Priority queuing—For critical traffic that cannot tolerate latency, such as Voice over IP (VoIP), you can identify traffic for Low Latency Queuing (LLQ) so that it is always transmitted ahead of other traffic. See the "Priority Queueing Overview" section for more information.

Traffic shaping—If you have a device that transmits packets at a high speed, such as a security appliance with Fast Ethernet, and it is connected to a low speed device such as a cable modem, then the cable modem is a bottleneck at which packets are frequently dropped. To manage networks with differing line speeds, you can configure the security appliance to transmit packets at a fixed slower rate. See the "Traffic Shaping Overview" section for more information.

What is a Token Bucket?

A token bucket is used to manage a device that regulates the data in a flow. For example, the regulator might be a traffic policer or a traffic shaper. A token bucket itself has no discard or priority policy. Rather, a token bucket discards tokens and leaves to the flow the problem of managing its transmission queue if the flow overdrives the regulator.

A token bucket is a formal definition of a rate of transfer. It has three components: a burst size, an average rate, and a time interval. Although the average rate is generally represented as bits per second, any two values may be derived from the third by the relation shown as follows:

average rate = burst size / time interval

These terms are defined as follows:

Average rate—Also called the committed information rate (CIR), it specifies how much data can be sent or forwarded per unit time on average.

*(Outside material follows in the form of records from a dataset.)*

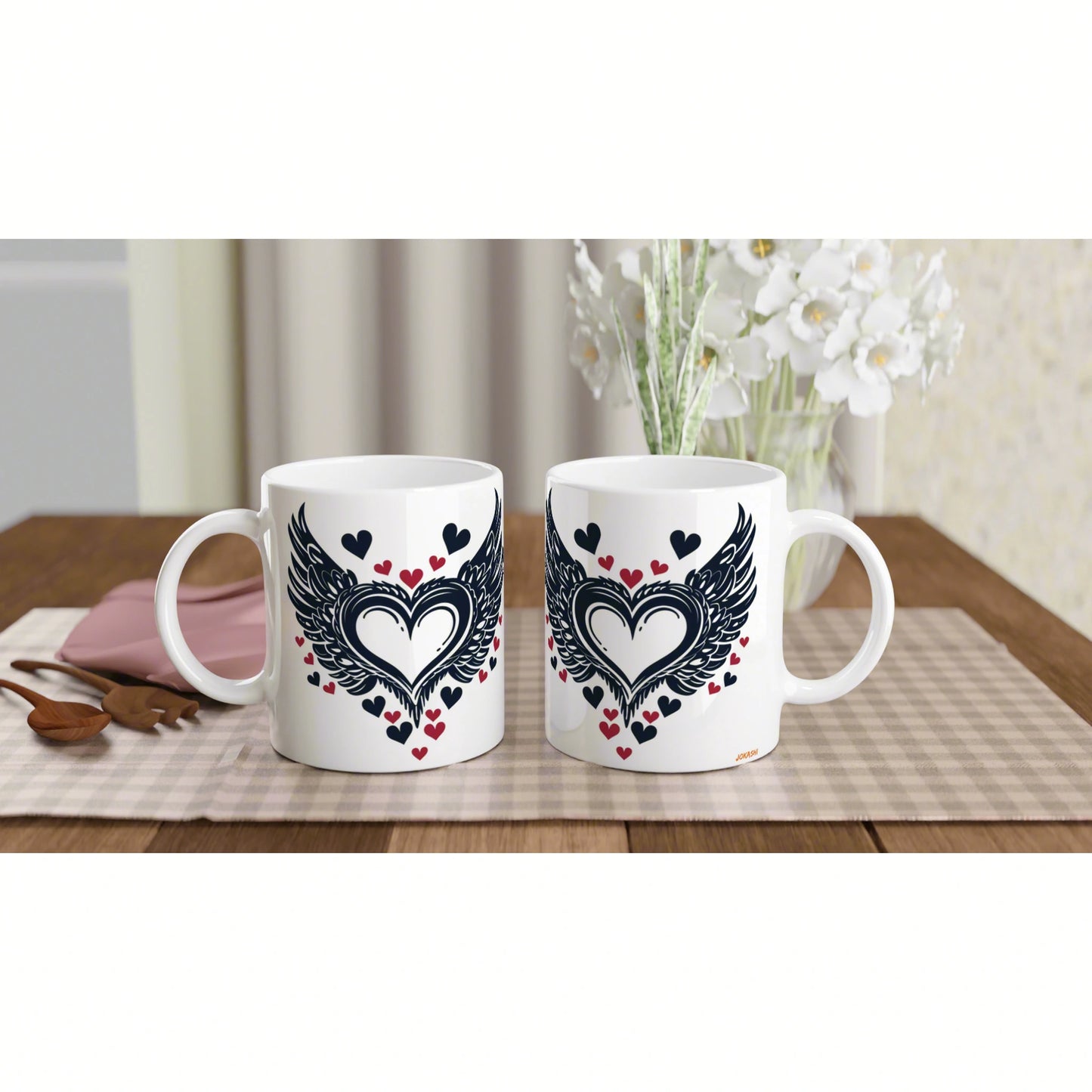 Product mockup: two white mugs with a black winged-heart design and small red hearts on a wooden table.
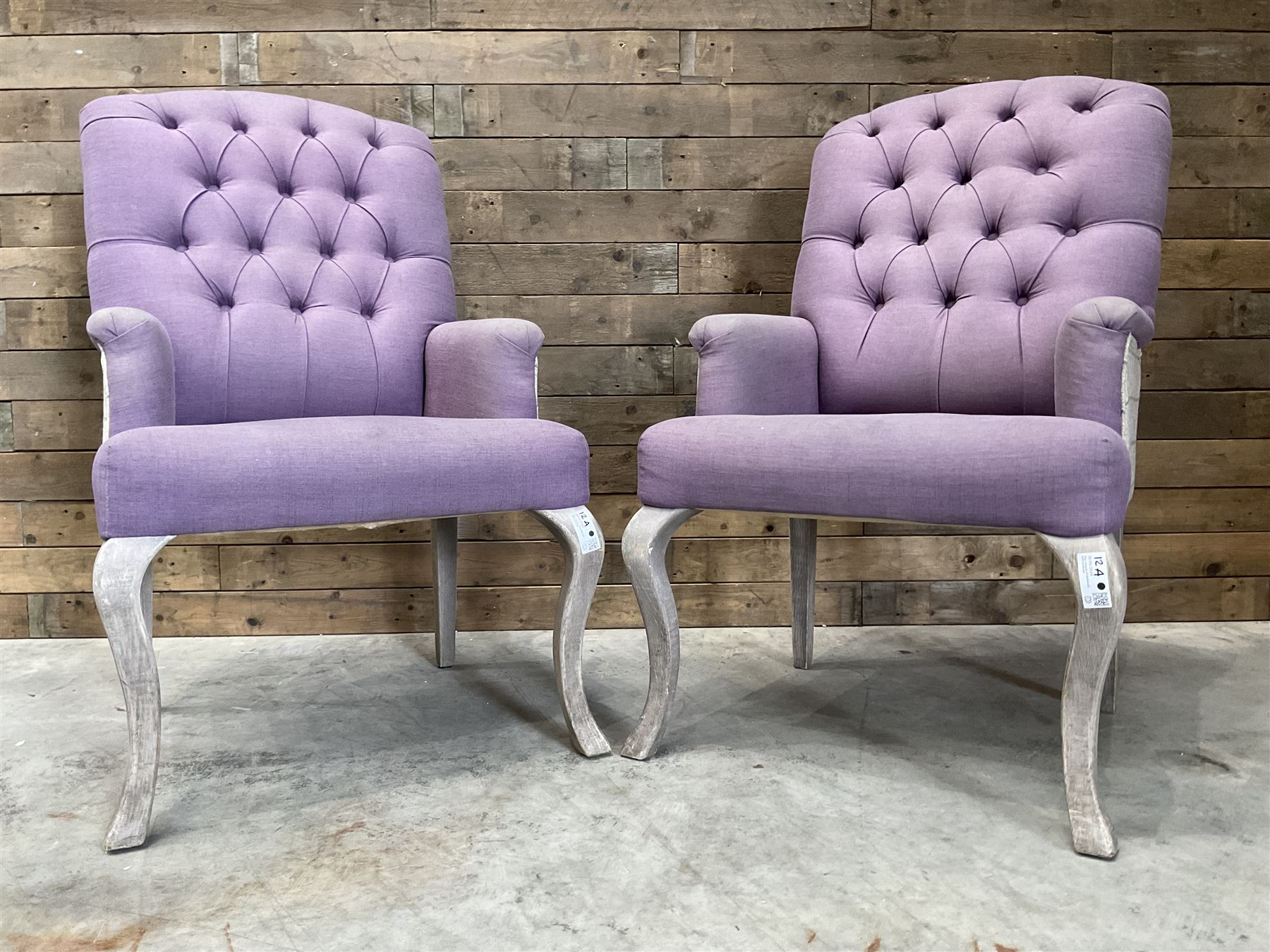 Voyage - two high back armchairs upholstered in buttoned lilac and tweed fabric, painted cabriole legs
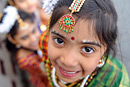 A close up of a girl smiling at the camera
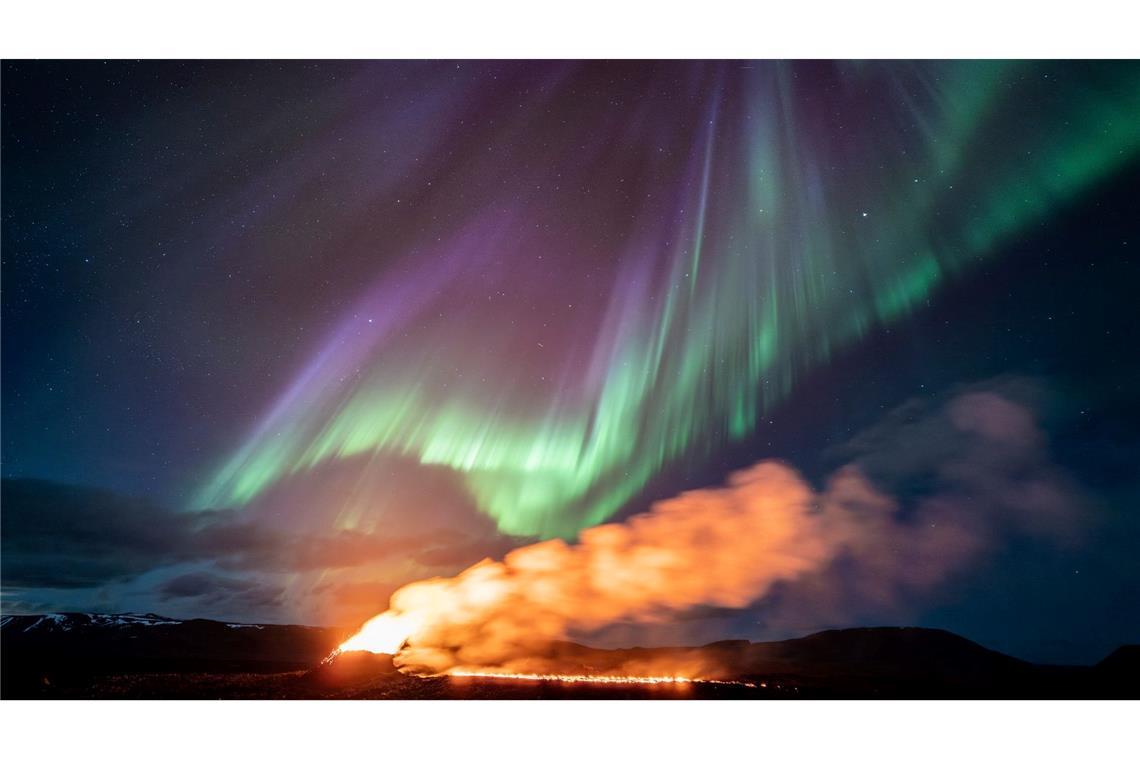 Dramatische Natur: Nordlichter treffen nahe der Stadt Grindavik auf einen Vulkanstrom. Der Vulkan im Südwesten Islands, der im Dezember, Januar und Februar dreimal ausbrach und Lava in Richtung einer nahe gelegenen Gemeinde schickte, bricht weiter aus.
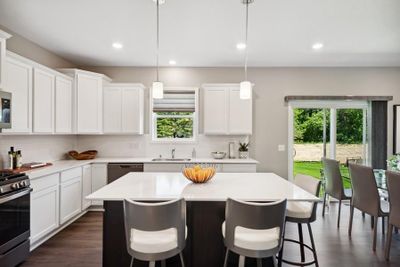 This spacious kitchen features a large center island, quartz countertops, recessed lighting, LVP wood floors, stainless appliances and more! (Model photo) | Image 2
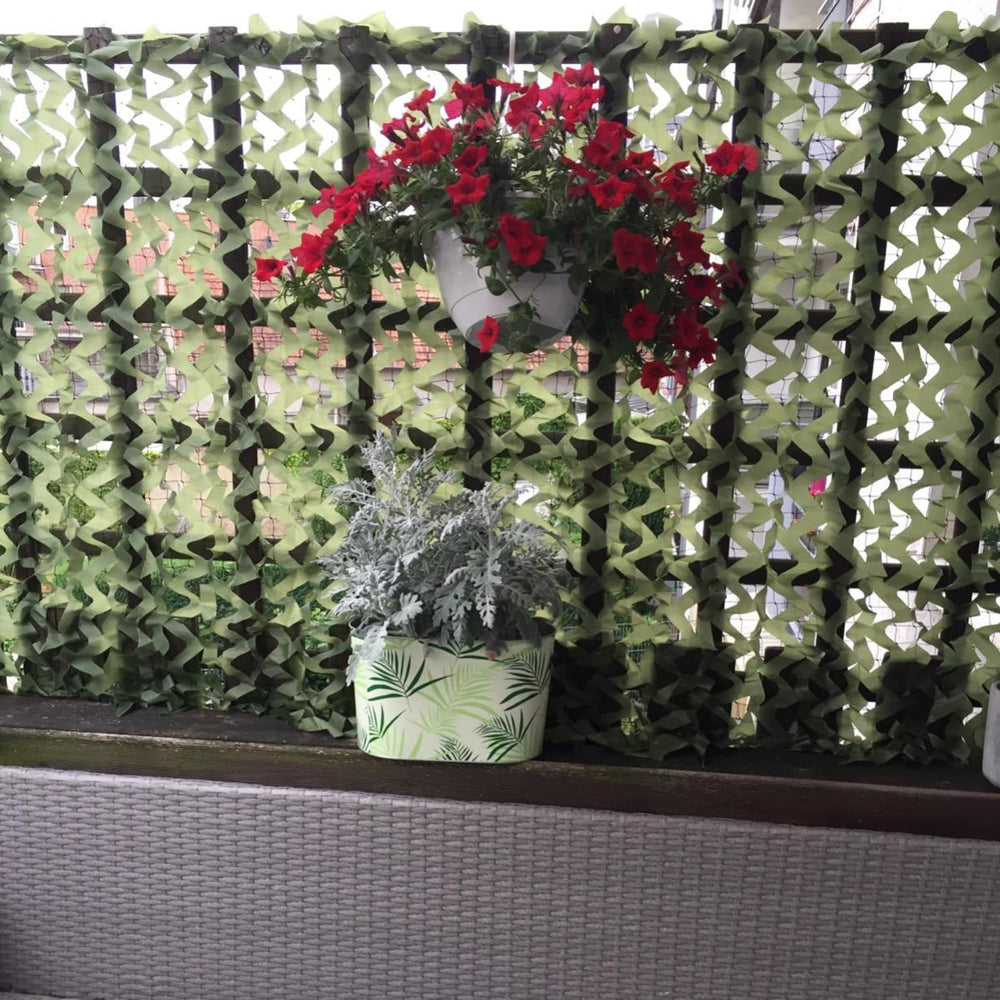 Sitong green camo netting blends with natural backgrounds for sunshade setups.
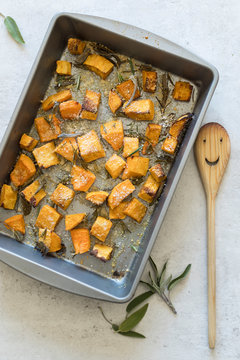 Top view of baking sheet/frying pan with oven baked butternut squash/pumpkin with sage leaves and shredded parmesan cheese and a wooden happy spoon. Flat lay, overhead, up high. . 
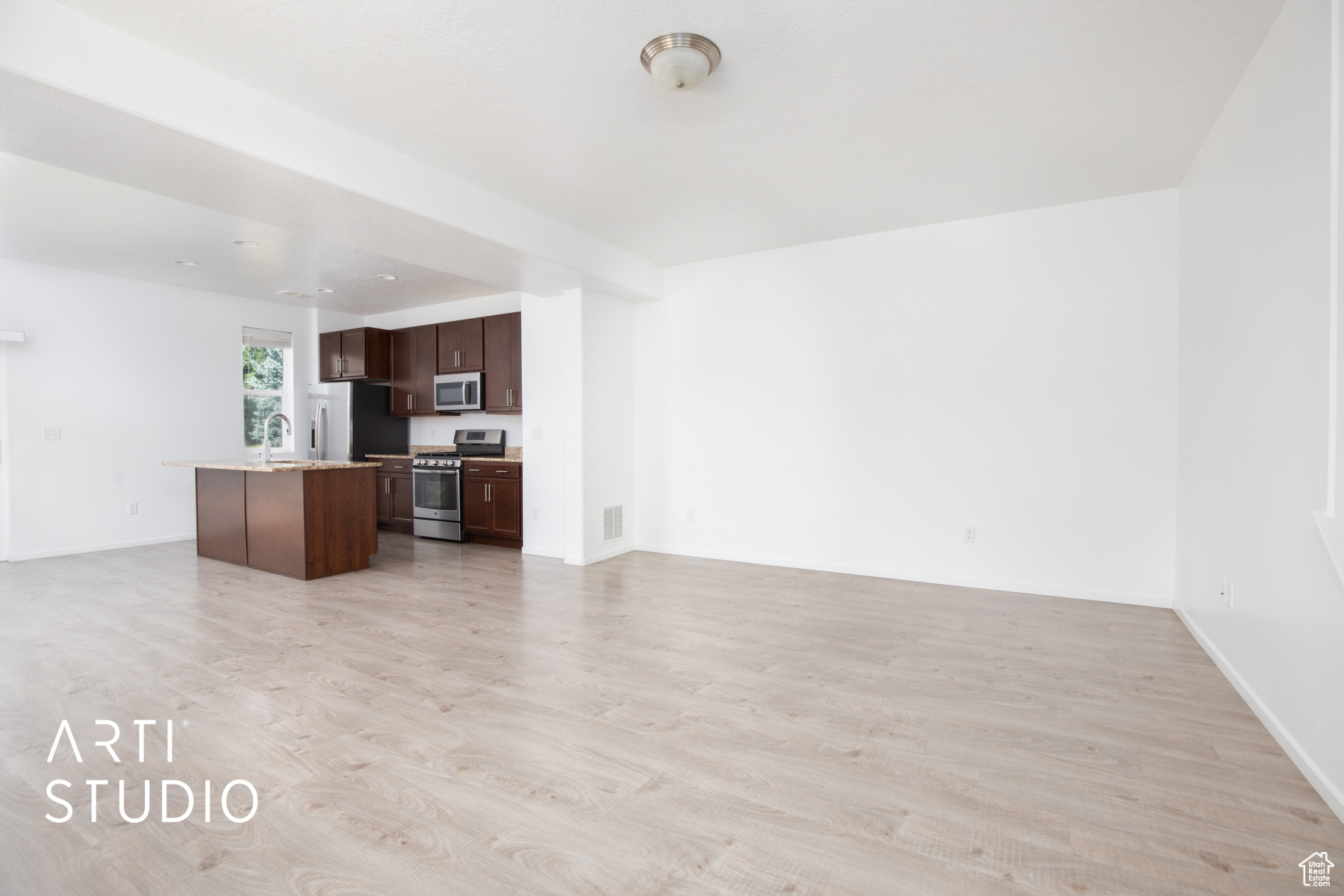 Unfurnished living room with sink and light hardwood / wood-style flooring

Burst size—Also called the Committed Burst (Bc) size, it specifies in bits or bytes per burst how much traffic can be sent within a given unit of time to not create scheduling concerns. (For traffic shaping, it specifies bits per burst; for policing, it specifies bytes per burst.)

Time interval—Also called the measurement interval, it specifies the time quantum in seconds per burst.

In the token bucket metaphor, tokens are put into the bucket at a certain rate. The bucket itself has a specified capacity. If the bucket fills to capacity, newly arriving tokens are discarded. Each token is permission for the source to send a certain number of bits into the network. To send a packet, the regulator must remove from the bucket a number of tokens equal in representation to the packet size.

If not enough tokens are in the bucket to send a packet, the packet either waits until the bucket has enough tokens (in the case of traffic shaping) or the packet is discarded or marked down (in the case of policing). If the bucket is already full of tokens, incoming tokens overflow and are not available to future packets. Thus, at any time, the largest burst a source can send into the network is roughly proportional to the size of the bucket.

Note that the token bucket mechanism used for traffic shaping has both a token bucket and a data buffer, or queue; if it did not have a data buffer, it would be a policer. For traffic shaping, packets that arrive that cannot be sent immediately are delayed in the data buffer.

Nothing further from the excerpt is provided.